Son mille e mille, e hanno osbergo e scudo;
hanno allacciato al capo l’elmo bruno;
dritte le lancie, i verrettoni in pugno.
In campo state e Dio vi dia virtù!»
Dicono i Franchi: «Abbia chi fugge, lutto.
A morir qui non mancherà nessuno».
AOI
II. IL CONSIGLIO
Ode re Enzio; ascolta come in sogno,
perché il suo cuore è in Capitana e Puglia.
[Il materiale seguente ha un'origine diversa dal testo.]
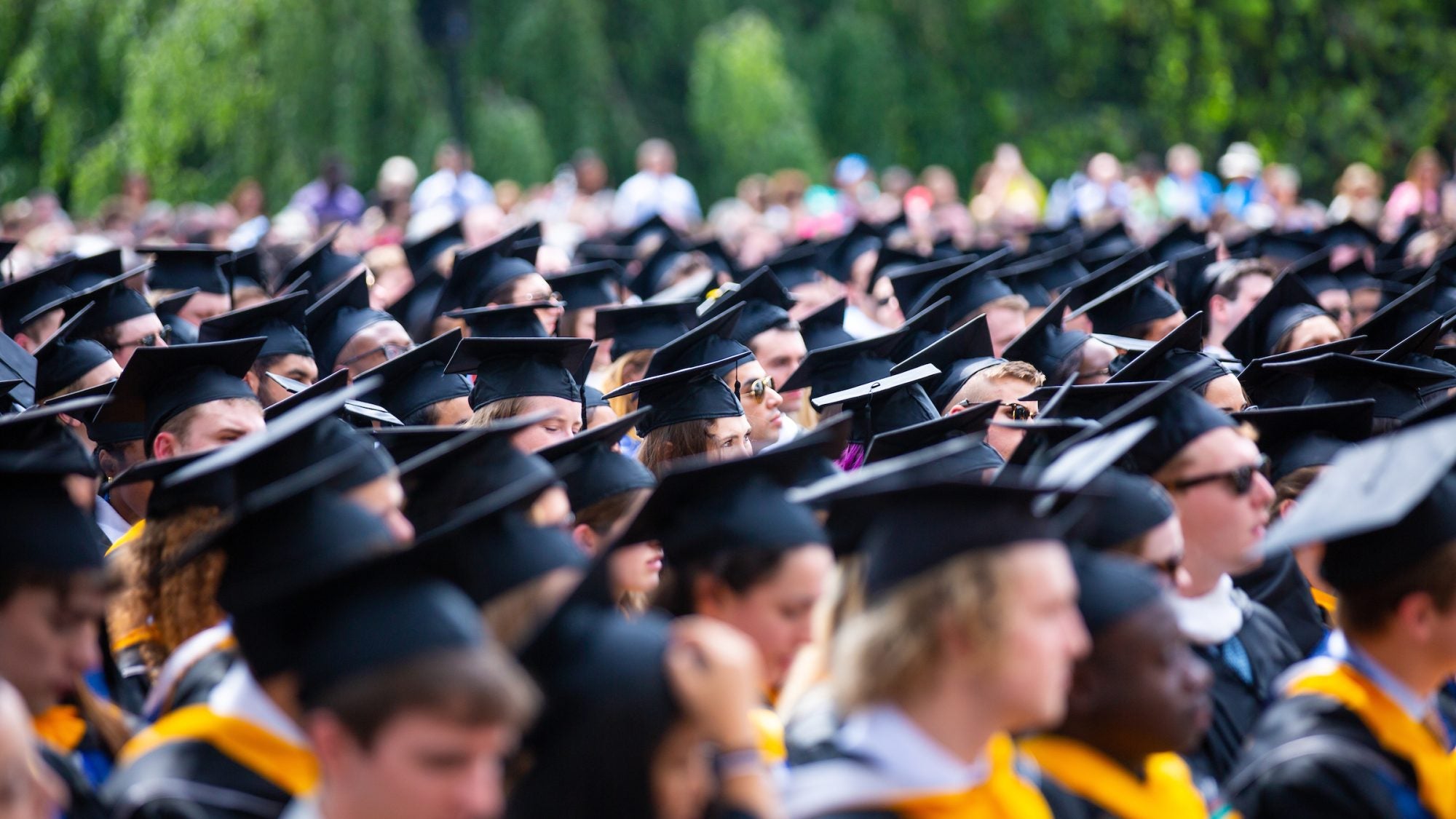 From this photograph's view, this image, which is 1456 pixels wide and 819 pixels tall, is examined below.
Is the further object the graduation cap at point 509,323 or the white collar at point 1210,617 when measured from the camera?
the graduation cap at point 509,323

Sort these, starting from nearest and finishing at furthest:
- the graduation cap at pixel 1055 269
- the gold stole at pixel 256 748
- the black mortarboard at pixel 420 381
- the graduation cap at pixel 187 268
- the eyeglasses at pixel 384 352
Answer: the gold stole at pixel 256 748 → the black mortarboard at pixel 420 381 → the eyeglasses at pixel 384 352 → the graduation cap at pixel 187 268 → the graduation cap at pixel 1055 269

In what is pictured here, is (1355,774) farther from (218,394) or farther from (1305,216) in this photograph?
(1305,216)

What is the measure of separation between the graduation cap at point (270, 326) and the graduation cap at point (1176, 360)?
3006 millimetres

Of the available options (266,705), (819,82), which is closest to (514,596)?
(266,705)

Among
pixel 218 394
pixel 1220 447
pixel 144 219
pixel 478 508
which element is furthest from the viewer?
pixel 144 219

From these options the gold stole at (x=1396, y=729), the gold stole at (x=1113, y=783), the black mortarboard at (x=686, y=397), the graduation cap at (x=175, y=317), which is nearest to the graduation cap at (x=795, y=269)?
the graduation cap at (x=175, y=317)

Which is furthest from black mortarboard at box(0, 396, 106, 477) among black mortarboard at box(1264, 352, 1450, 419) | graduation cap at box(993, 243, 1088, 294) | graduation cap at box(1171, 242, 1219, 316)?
graduation cap at box(1171, 242, 1219, 316)

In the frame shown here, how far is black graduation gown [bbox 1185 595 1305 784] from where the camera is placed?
11.9 ft

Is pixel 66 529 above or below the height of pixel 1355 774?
above

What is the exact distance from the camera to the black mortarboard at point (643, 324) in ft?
22.8

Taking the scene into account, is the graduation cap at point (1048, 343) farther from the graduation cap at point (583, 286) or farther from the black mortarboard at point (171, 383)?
the black mortarboard at point (171, 383)

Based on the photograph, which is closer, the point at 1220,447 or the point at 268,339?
the point at 1220,447

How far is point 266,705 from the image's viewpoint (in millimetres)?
2762

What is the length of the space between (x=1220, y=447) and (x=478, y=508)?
1814mm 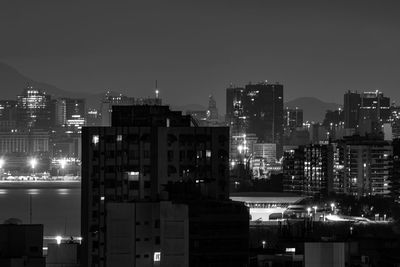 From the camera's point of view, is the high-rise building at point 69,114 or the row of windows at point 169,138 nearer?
the row of windows at point 169,138

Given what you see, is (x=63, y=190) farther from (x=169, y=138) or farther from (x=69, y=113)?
(x=169, y=138)

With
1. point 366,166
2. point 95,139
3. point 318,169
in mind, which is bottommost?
point 318,169

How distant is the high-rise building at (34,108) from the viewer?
187625 millimetres

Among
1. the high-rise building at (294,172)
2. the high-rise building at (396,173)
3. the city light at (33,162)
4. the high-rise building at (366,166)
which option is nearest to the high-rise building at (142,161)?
the high-rise building at (396,173)

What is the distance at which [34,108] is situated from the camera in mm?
189625

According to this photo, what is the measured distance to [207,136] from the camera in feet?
89.8

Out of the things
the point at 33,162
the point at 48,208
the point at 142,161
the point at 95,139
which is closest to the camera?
the point at 142,161

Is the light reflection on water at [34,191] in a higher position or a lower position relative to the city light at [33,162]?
lower

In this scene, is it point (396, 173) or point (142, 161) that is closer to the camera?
point (142, 161)

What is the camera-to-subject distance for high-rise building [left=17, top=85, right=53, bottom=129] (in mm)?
187625

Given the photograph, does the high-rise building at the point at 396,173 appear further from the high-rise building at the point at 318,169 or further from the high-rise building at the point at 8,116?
the high-rise building at the point at 8,116

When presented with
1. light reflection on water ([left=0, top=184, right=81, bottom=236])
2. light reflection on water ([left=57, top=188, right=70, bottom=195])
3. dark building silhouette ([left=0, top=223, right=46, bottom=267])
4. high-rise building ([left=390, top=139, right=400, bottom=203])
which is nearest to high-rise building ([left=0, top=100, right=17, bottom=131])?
light reflection on water ([left=0, top=184, right=81, bottom=236])

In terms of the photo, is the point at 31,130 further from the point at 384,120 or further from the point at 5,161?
the point at 384,120

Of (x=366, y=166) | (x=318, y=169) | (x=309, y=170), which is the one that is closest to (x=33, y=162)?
(x=309, y=170) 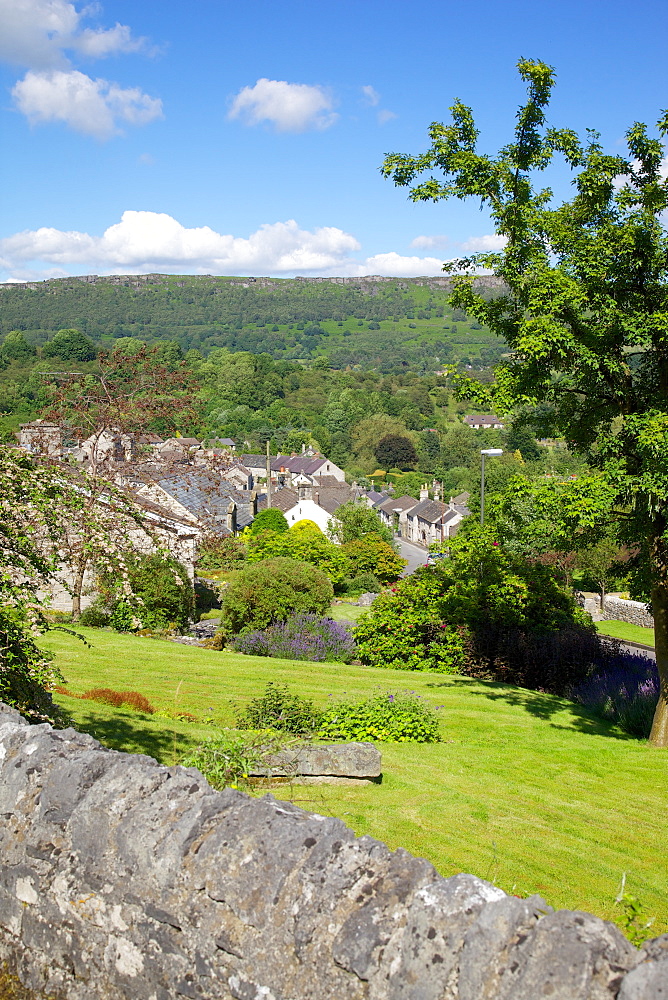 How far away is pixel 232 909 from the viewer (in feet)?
11.1

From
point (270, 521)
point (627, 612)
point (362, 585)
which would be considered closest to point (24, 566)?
point (627, 612)

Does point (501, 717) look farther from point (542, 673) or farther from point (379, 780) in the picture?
point (379, 780)

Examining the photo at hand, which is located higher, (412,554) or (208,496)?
(208,496)

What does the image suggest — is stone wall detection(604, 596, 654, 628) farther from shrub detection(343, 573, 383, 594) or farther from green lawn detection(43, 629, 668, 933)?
green lawn detection(43, 629, 668, 933)

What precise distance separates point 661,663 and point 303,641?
11100 millimetres

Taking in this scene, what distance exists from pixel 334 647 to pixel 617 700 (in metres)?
8.34

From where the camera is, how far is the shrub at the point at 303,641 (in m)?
21.2

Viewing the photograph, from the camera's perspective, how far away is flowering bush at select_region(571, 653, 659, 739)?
14172 mm

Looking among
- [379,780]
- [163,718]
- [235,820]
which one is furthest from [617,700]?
[235,820]

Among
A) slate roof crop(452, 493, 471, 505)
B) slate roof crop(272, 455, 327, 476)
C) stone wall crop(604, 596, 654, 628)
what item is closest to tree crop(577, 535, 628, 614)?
stone wall crop(604, 596, 654, 628)

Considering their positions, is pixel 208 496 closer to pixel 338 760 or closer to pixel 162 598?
pixel 162 598

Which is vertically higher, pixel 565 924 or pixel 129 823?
pixel 565 924

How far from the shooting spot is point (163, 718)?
38.1 feet

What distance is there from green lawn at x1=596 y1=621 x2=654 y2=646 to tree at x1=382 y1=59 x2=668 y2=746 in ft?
75.9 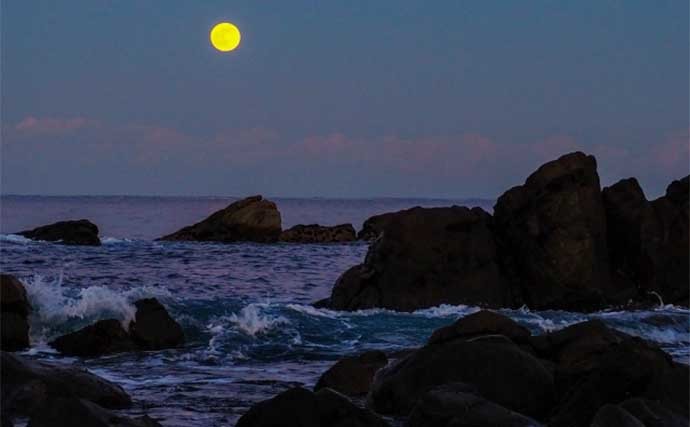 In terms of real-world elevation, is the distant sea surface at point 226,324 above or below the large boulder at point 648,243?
below

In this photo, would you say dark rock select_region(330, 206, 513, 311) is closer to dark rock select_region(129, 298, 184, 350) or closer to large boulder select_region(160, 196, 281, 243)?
dark rock select_region(129, 298, 184, 350)

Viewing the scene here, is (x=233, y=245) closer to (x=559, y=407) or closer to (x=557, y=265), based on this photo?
(x=557, y=265)

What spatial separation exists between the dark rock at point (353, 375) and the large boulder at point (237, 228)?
164 feet


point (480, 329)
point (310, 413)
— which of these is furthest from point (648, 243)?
point (310, 413)

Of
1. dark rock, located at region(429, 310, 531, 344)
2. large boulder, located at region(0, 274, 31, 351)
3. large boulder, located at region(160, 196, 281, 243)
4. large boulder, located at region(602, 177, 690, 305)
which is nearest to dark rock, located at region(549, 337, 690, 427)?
dark rock, located at region(429, 310, 531, 344)

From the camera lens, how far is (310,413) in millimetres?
11836

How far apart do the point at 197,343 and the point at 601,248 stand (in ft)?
43.1

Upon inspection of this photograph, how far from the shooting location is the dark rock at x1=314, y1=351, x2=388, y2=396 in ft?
52.9

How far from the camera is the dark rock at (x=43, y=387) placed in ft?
43.6

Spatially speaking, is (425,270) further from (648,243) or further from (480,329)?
(480,329)

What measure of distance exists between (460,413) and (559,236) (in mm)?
19177

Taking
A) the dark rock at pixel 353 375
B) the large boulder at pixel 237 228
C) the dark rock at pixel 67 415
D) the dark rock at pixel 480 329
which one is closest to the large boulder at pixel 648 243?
the dark rock at pixel 480 329

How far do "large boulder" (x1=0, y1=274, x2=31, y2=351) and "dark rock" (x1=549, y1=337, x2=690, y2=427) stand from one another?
38.4 ft

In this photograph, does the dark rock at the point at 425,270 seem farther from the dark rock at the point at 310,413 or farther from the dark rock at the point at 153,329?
the dark rock at the point at 310,413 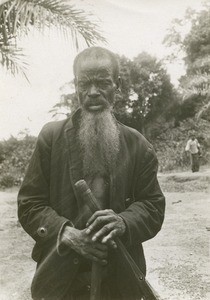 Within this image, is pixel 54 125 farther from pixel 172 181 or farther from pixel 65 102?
pixel 172 181

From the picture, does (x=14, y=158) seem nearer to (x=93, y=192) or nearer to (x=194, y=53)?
(x=93, y=192)

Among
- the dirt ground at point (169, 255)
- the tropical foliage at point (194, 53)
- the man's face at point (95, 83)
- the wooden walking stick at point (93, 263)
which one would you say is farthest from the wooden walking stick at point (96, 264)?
the tropical foliage at point (194, 53)

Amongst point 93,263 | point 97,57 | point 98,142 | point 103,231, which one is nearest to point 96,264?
point 93,263

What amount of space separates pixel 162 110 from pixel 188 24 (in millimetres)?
432

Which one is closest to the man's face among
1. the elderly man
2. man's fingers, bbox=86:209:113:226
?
the elderly man

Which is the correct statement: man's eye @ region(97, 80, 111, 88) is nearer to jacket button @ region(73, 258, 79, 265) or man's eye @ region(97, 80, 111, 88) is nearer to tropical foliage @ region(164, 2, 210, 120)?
jacket button @ region(73, 258, 79, 265)

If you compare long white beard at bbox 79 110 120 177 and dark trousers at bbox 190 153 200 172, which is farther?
dark trousers at bbox 190 153 200 172

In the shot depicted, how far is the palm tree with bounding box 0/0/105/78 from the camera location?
1789 mm

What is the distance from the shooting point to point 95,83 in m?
1.38

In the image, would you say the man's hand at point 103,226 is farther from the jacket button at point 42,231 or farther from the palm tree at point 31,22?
the palm tree at point 31,22

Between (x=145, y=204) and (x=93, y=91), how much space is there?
416 mm

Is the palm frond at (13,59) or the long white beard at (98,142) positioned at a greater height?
the palm frond at (13,59)

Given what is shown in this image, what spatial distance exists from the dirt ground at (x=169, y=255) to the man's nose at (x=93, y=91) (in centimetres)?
88

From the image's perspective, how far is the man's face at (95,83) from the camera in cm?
137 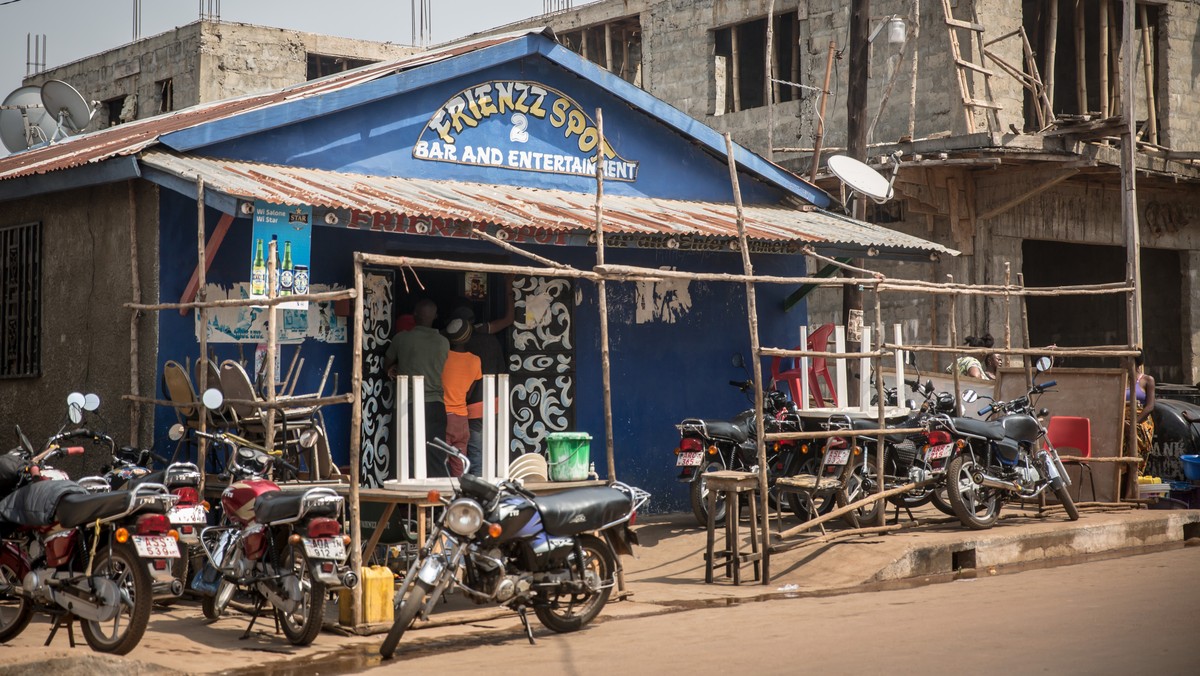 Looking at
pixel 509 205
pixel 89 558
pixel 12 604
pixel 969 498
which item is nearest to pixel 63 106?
pixel 509 205

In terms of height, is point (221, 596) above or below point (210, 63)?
below

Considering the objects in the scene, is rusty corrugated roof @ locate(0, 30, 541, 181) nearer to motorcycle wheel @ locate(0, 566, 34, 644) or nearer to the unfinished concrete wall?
the unfinished concrete wall

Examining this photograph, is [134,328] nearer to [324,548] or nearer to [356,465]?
[356,465]

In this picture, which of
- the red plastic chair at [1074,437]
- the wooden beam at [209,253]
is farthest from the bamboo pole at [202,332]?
the red plastic chair at [1074,437]

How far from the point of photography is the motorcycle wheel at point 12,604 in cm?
696

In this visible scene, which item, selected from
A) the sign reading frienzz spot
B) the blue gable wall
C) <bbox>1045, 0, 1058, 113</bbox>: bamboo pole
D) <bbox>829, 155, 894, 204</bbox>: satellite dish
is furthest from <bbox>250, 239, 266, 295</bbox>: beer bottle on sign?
<bbox>1045, 0, 1058, 113</bbox>: bamboo pole

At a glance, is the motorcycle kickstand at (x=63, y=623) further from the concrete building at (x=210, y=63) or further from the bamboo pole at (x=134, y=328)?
the concrete building at (x=210, y=63)

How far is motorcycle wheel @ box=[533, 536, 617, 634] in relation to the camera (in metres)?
7.54

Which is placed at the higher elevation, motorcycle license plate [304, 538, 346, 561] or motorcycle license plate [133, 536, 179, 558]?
motorcycle license plate [133, 536, 179, 558]

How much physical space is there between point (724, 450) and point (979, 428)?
2136 mm

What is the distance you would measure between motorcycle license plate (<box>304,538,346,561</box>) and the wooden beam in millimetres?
2518

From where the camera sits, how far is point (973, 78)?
56.7 feet

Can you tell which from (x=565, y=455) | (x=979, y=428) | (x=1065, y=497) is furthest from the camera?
(x=1065, y=497)

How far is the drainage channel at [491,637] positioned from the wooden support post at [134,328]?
2749 mm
Un de’ custodi, Min de’ Prendiparti,
dice: «Mal prenda a questi giuculari
ch’hanno per sue le piazze del Comune,
per ricantar le vecchie fole al volgo!
Già da gran tempo Carlomagno è morto».
E Scannabecco: «È morto sì, ma siede,
l’imperatore dalla barba bianca,
nella sua tomba, e con la destra impugna
la spada posta sopra le ginocchia».
Enzio re pensa: «O bel sire fratello!
Biondo e gentil Rollando di Soave!
Forse vedete ora apparir sui monti
non Valdabrun, ma i cavalier di Francia,
Proenza Fiandra Piccardia Brabante
coi santi gigli e con la croce!»
Manfredi in vero scorge allor sui monti
oltre il Calore l’oste del re Carlo.
Il nato dallo imperator di Roma
ha suo consiglio. Parlano i suoi pari.
Qual è canuto, qual è tutto fulvo,
armato ognuno, ed il lor nome è Lancia.